YOUR ASSIGNMENT :: I would like the line with "Face Mask with Pouch, Pink" and every line after it, down to the end of the entries below, output exactly and without pictures.

***

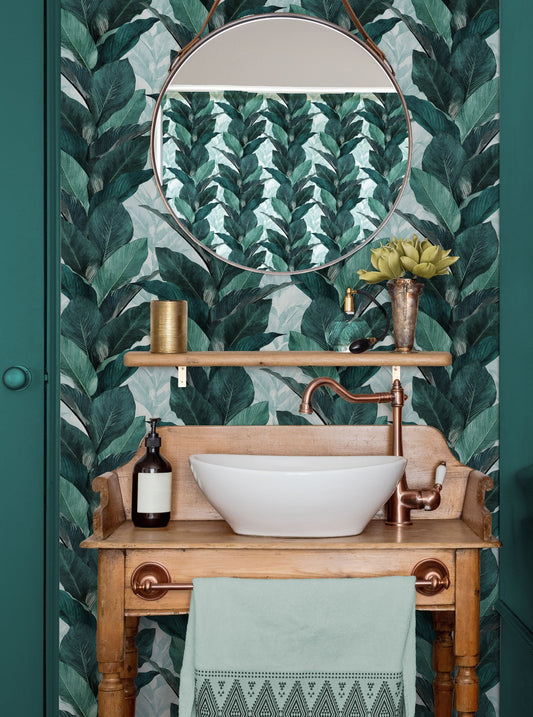 Leaf Stripe Teal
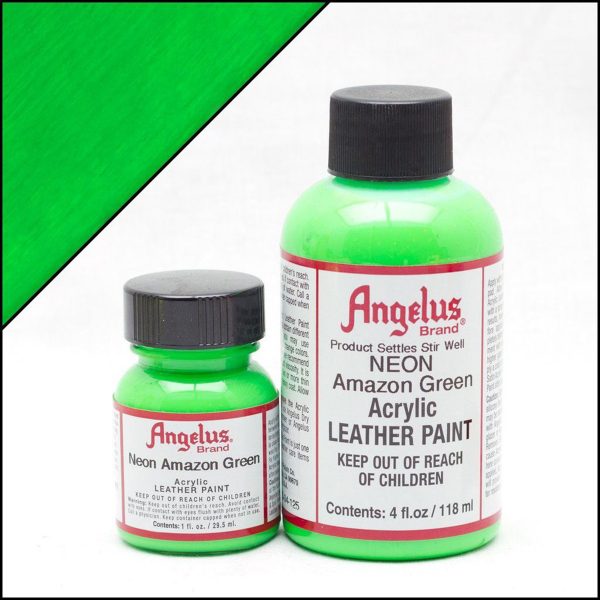 Màu Vẽ Da, Vải Angelus Leather Paint (Neon) Amazone Green 125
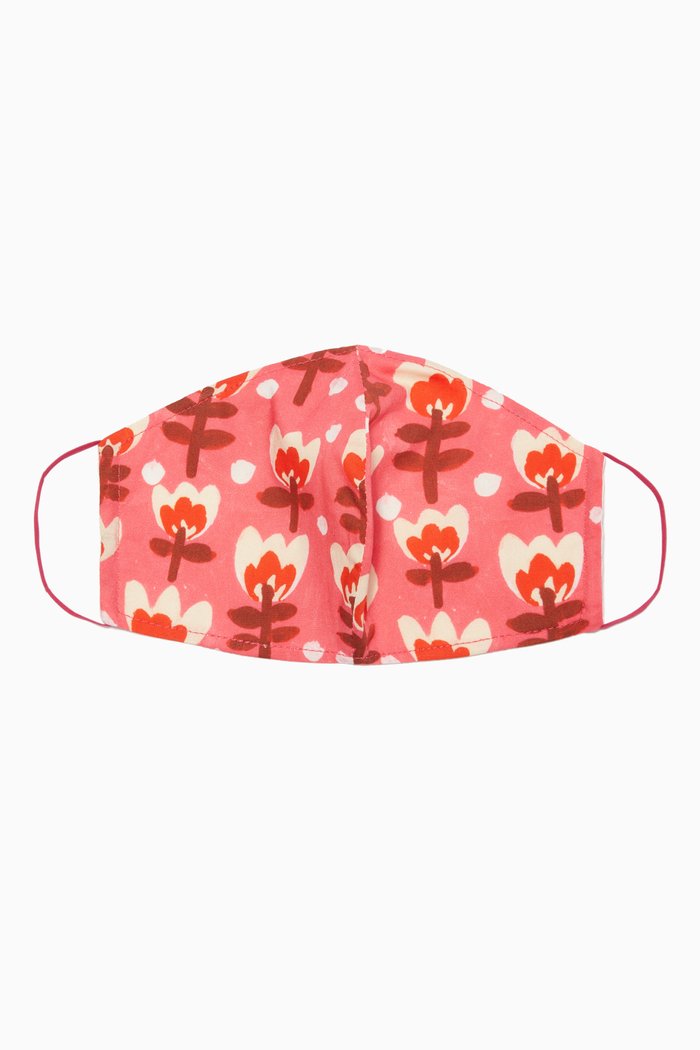

Face Mask with Pouch, Pink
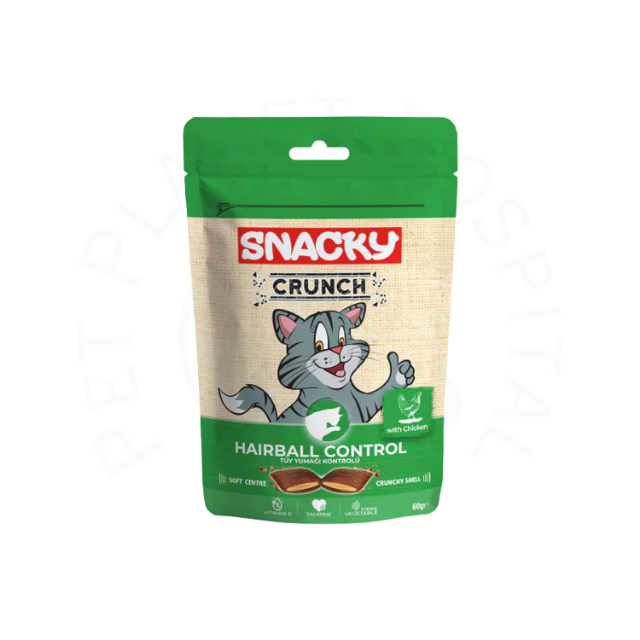 Snacky Crunch Hairball Control Cat Treat With Chicken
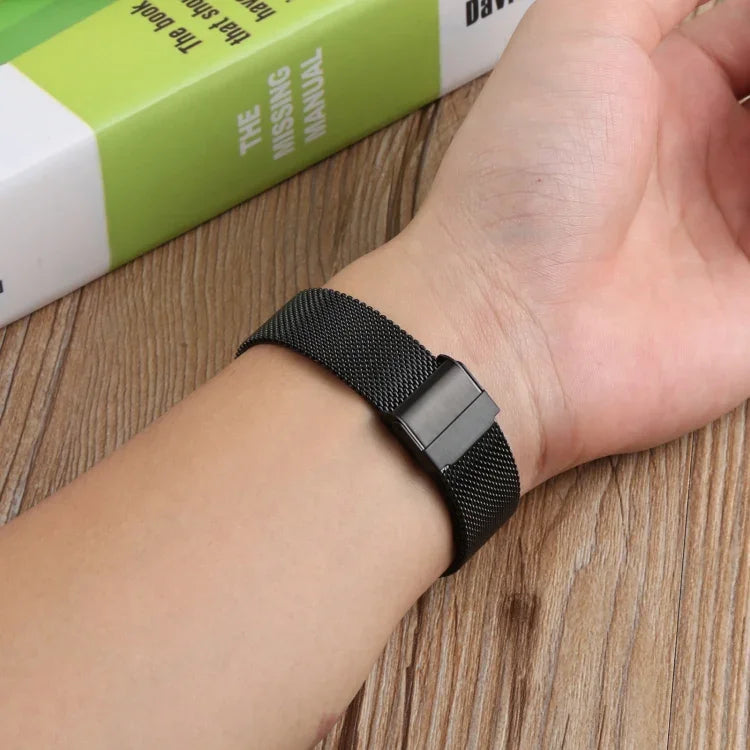 Dây đồng hồ thay thế Milanese khóa bảo hiểm kép, Dành cho Fitbit Charge 4, Dành cho Samsung Galaxy Watch4 40mm/44mm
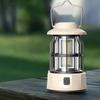 Outdoor LED Camping Lantern Portable Lamp Retro LED Light Travel Tent Lamp Portable Lanterns Fishing Lamp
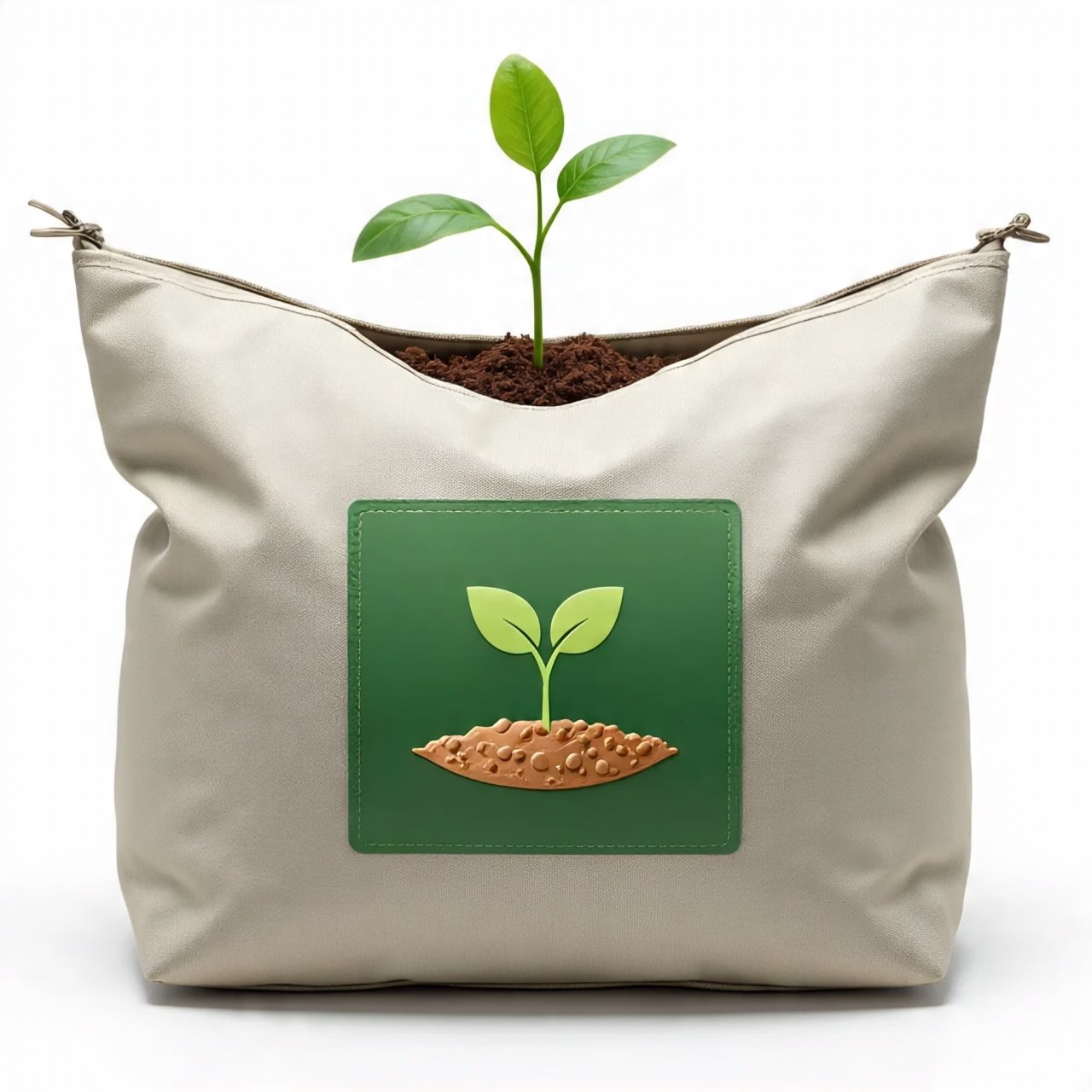 a stylized green and earthy toned illustration of (1)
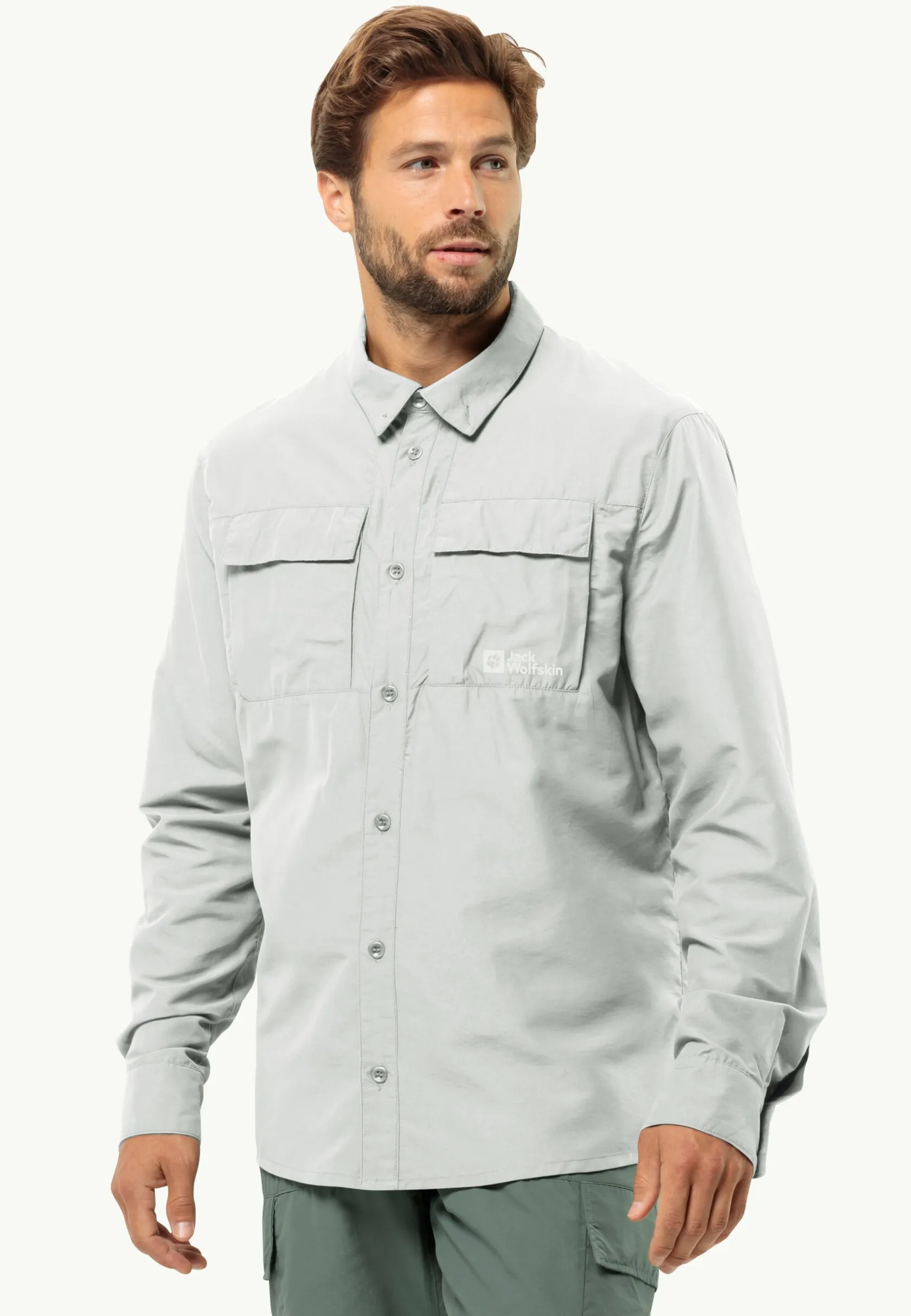 Trekking|Functionele Shirts|Jack Wolfskin Barrier Ls Shirt M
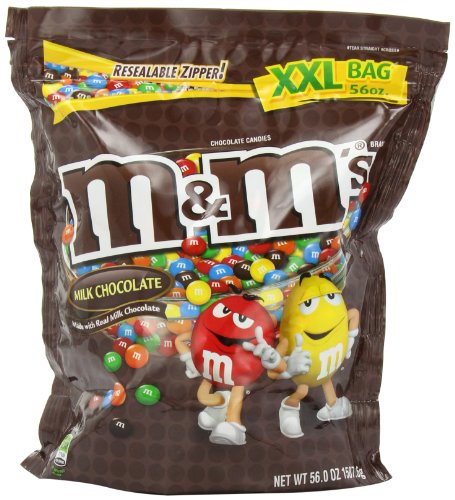 M&m candy, milk chocolate, 56 ounce
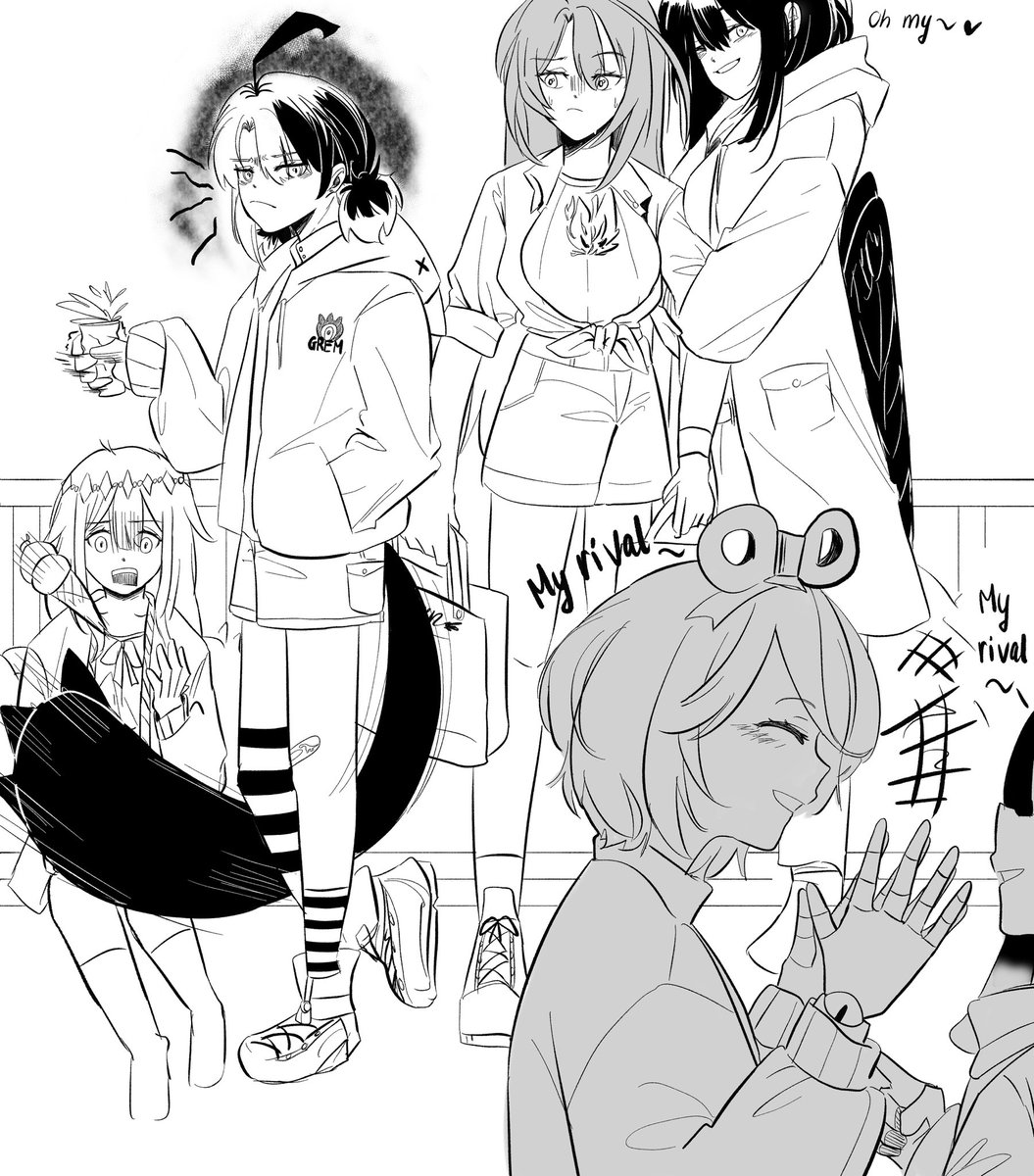 it started from “let’s just draw anything” to solve the artblock and somehow coming to a full picture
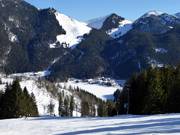 Vista sulle sistemazioni presso lo Spitzingsee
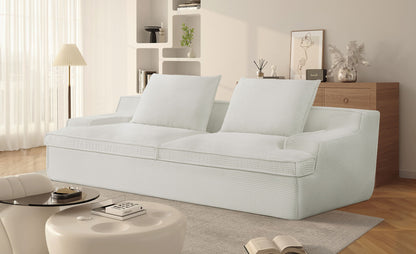 Nimbus - Oversized Full Foam 4 Seater Couch For Living Room Upholstered In Soft Corduroy, Wide Armrests US Pride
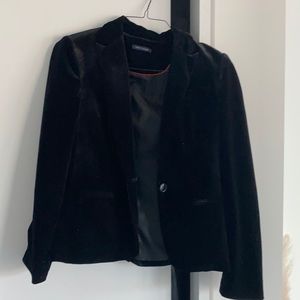 Tommy Hilfiger black velvet blazer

***

YOUR SOLUTION ::
Face Mask with Pouch, Pink
 Snacky Crunch Hairball Control Cat Treat With Chicken
 Dây đồng hồ thay thế Milanese khóa bảo hiểm kép, Dành cho Fitbit Charge 4, Dành cho Samsung Galaxy Watch4 40mm/44mm
 Outdoor LED Camping Lantern Portable Lamp Retro LED Light Travel Tent Lamp Portable Lanterns Fishing Lamp
 a stylized green and earthy toned illustration of (1)
 Trekking|Functionele Shirts|Jack Wolfskin Barrier Ls Shirt M
 M&m candy, milk chocolate, 56 ounce
 it started from “let’s just draw anything” to solve the artblock and somehow coming to a full picture
 Vista sulle sistemazioni presso lo Spitzingsee
 Nimbus - Oversized Full Foam 4 Seater Couch For Living Room Upholstered In Soft Corduroy, Wide Armrests US Pride
 Tommy Hilfiger black velvet blazer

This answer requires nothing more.